A simple experiment will show you that this is bull. Stand outside on a clear night it is cool because heat is radiating into space despite the CO2. Stand outside on even a mildly cloudy night and it is warmer because the water vapour and clouds reflect the heat back and act like a blanket. Should we now counteract the production of water vapour, and accuse the industrialised nations of causing clouds and rain?
There may indeed be warming, but to attribute it to a single cause (industrial CO2 and the bucolic farting of cows) is delusional balderdash. Every year volcanoes produce many times more greenhouse gasses than human activity. Perhaps we should hold conferences and legislate against them.
"Only 7.5% of municipalities received a clean water audit in the last year"
As a final slap in the face of the tax-paying, properly licensed and responsible road user, the MEC decides that the biggest abusers of the rules of the roads, 'Taxis' will be exempted from these tolls. This is in the 'public interest'. The taxi industry continues to kill its passengers and other road users on a daily basis. So far today (1 December) 18 killed.

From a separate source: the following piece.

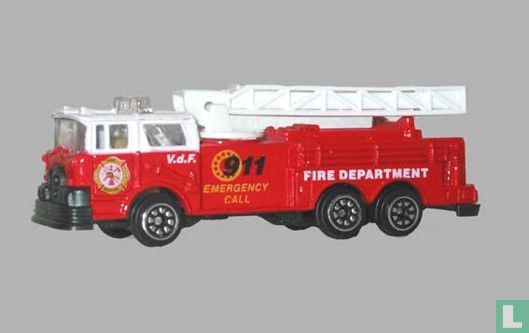 Ladderwagen brandweer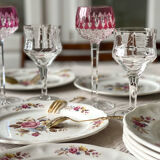 5 dessert plates Orchies Moulin des Loups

I agree that there is something fundamentally wrong with COP17, it is not a 'Robin Hood' tax Mr Naidoo, it is just plain robbery, as is the toll system.
Climate change, Aids, Cancer... in fact, name a mainstream cause. It keeps us occupied and entertained. We are facinated by our own dysfunction. Voyeuristic, if you will.
The Elite (read: Bankers) will have their way. They have plotted and shaped the collective psychopathy which now governs us.
Only a change of heart, a radical mindshift like that as found at www.thevenusproject.com can have an impact. If it goes mainstream. Other than that, we are doomed. Doomed by our fascination with the illusionary monetary system, the fake jobs, fake causes and the fake existence it brings. Enjoy.